The play ultimately goes beyond what any human mind can easily absorb, much less the emotions that go with it.

As the characters recount their lives, we discover that Frank and Grace are dead, he at the hand of some nasty thugs. Teddy has survived, alone with his memories and an ice box full of beer. As the Faith Healer, Frank muses about his erratic and unpredictable gift of being able to heal some people sometimes, and the others never. Teddy repeats many times how "business is business" and how he keeps a professional distance from the pair,  yet it turns out that he was deeply in love with both Grace and Frank.

So in the end we have a typical Irish broth of unhappy characters becoming increasingly miserable. Not exactly the most delightful way to spend an evening out for most people, but the play is more than the sum of its parts. As directed by Eric Hill, I found many echoes of my own life within the performance.

Then too, were echoes of ritual. The opening lines of Faith Healer, the audience bears witness to Frank Hardy's melodic recitation:

Aberarder, Aberayron,
Llangranog, Llangurig,
Abergorlech, Abergynolwyn,
Llandefeilog, Llanerchymedd,
Aberhosan, Aberporth . . .

This sort of litany was repeated several times during the performance. Grace had her own:

Kinlochbervie, Inverbervie,
Inverdruie, Invergordon,
Badachroo, Kinlochewe,
Ballantrae, Inverkeithing,
Cawdor, Kirkconnel,
Plaidy, Kirkinner ...

These were delivered with a studied cadence and almost Kabuki like minor movements. Except for Teddy, the  play took on the feeling of a mass -  and Heaven help us, a seemingly endless High Mass at that.

During his soliloquy, Frank admits he indulges in this recitation "just for the mesmerism, the sedation, of the incantation." He uses these alliterative rhythms to calm his jangled nerves before a healing session. During her talk Grace lapsed into these same tranquilizing cadences whenever she confronted her most painful memories. They seemed to act like some sort of Irish Valium.

Searching endlessly to understand his own faith, and reconcile it with his doubts, Frank tortures himself and those around him. His self doubts and skepticism became inescapable, except into the bottle or by fleeing reality.

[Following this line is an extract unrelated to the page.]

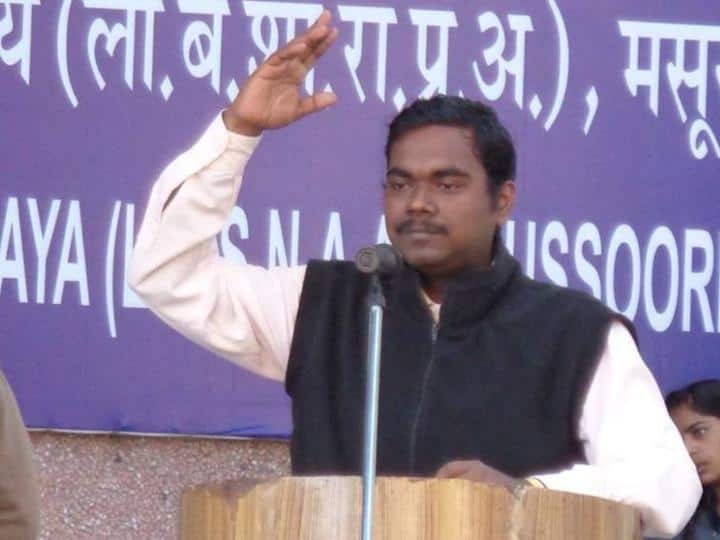 Success Story Of IAS Varun Baranwal IAS Success Story: अत्यधिक गरीबी भी नहीं रोक पायी वरुण बरनवाल का रास्ता, दूसरों की मदद और दृढ़ इच्छाशक्ति से बने IAS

And so the evening passes, sometimes feeling like being forced to sit next to a verbose stranger on a plane, and at other times being more like being let in on deep, dark family secret by a doting aunt.

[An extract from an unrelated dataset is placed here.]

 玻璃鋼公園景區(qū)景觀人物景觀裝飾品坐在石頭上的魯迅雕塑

This play is not at all like sitting down in front of a television and letting blather wash over you. It demands a lot from its audience. Long stretches of intense concentration are required as the story unfolds, other moments require focused straining to hear stretches of dialogue being delivered at sotto voce levels, and on opening night there was the need to filter out the endless coughing of an inconsiderate patron who should have left the theatre an hour ago, all of which took place while sitting motionless for two stretches of more than an hour each.

Like the Faith Healer's gifts which worked at times and not at others, this play has its ups and downs, and in the end, it is exhausting.

But like any good workout at the gym, the rewards come later in the form of new insights and understanding of the human condition.

The Irish playwrights do that to you every time.